Do you guys know today’s guest poster Tracey Schaefer? If not, you should. She’s a self-proclaimed mommy Jekyll and Hyde, taking care of her two boys by day and bitching about it at night! I’m guessing most of us can relate to that feeling, especially those of us surrounded by hoards of boys. She is hilarious and talented and today she’s sharing with us why she thinks having boys is the bee’s knees. Ok, she didn’t actually use the term “bee’s knees” but I’ve always wanted to say that.
What do you think? Are boys the way to go, or do you prefer sugar and spice and everything nice?
I always figured I was meant to be the mother of boys.
OK, caveat: like all girls did at the age of eight, I made a pact with my BFF that when we grew up, we would live right next door to each other and she would have a girl and I would have a girl and they would both have blonde hair and be best friends and we would all live happily ever after playing with our Barbies and Easy-Bake ovens.
But I had grown up with two older brothers. We played Bloody Knuckles and Greco-Roman wrestled together. I wasn’t Daddy’s Little Princess so much as Daddy’s Little Power Forward (“Be aggressive under the basket!” he would exhort.) So as a kid, I was comfortable in the world of boys.
After I married, I got it in my head that one of my chief duties as a woman was to bequeath my husband a son. A son that he would retrieve from my loins, hoist heavenward and present to the Pridelands a la “The Lion King.” If I didn’t produce a male heir, the consequences might be dire (let’s just say I was watching a lot of “The Tudors” at the time).
I was all-in for Team XY.
So when the ultrasound picture clearly revealed – twice – that we would be decorating our nursery in a shade of robin’s egg and not cotton candy, I was elated, and so was my husband.
But for every mother of boys only – even the ones, like me, who wanted them – there comes a moment. A moment when you realize all the things you won’t do with a mini-me. No princess costumes, pedicures or prom dresses. No watching your daughter become a bride, or sharing the experience of motherhood.
This is the moment when you realize that you will, in fact, live the next years of your life in a sausage factory.
At that moment, you feel the slightest twinge of longing in your heart. And then you must collect yourself, because one son is hanging off the top shelf of the pantry in an ill-fated Oreo raid and the other is preparing to dump an assload of Legos down the toilet.

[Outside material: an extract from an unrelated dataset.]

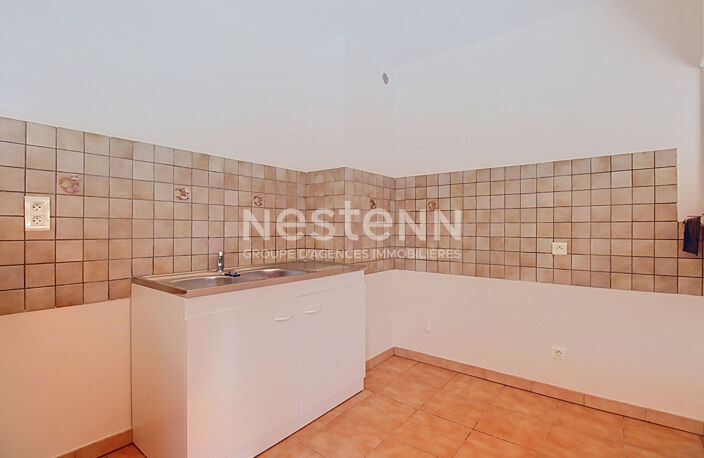 Appartement 4 pièces à vendre à Marignane - Dernier étage, calme et lumineux — photo 4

And it occurs to you that maybe you’re romanticizing the whole girl thing. OK, so you won’t be able to sew you and your little sweetheart matching dresses from McCall’s patterns like your own mother did. So what? You don’t even know how to sew on a button. Plus, there are some pretty major perks to being a dude-maker. Case in point:
1) You don’t ever have to discuss “menstruation.” Is there a more cringe-worthy word in the English language? Or topic? With boys, you dodge this (one) personal hygiene bullet and avoid the divisive plastic vs. cardboard debate.
2) You won’t have to share. Clothes. Jewelry. Make-up. The aforementioned feminine hygiene products. There won’t be any trying on mommy’s dresses and stumbling around in her high heels. Unless, well… my sons turn out to be “unique.” Not that there’s anything wrong with that.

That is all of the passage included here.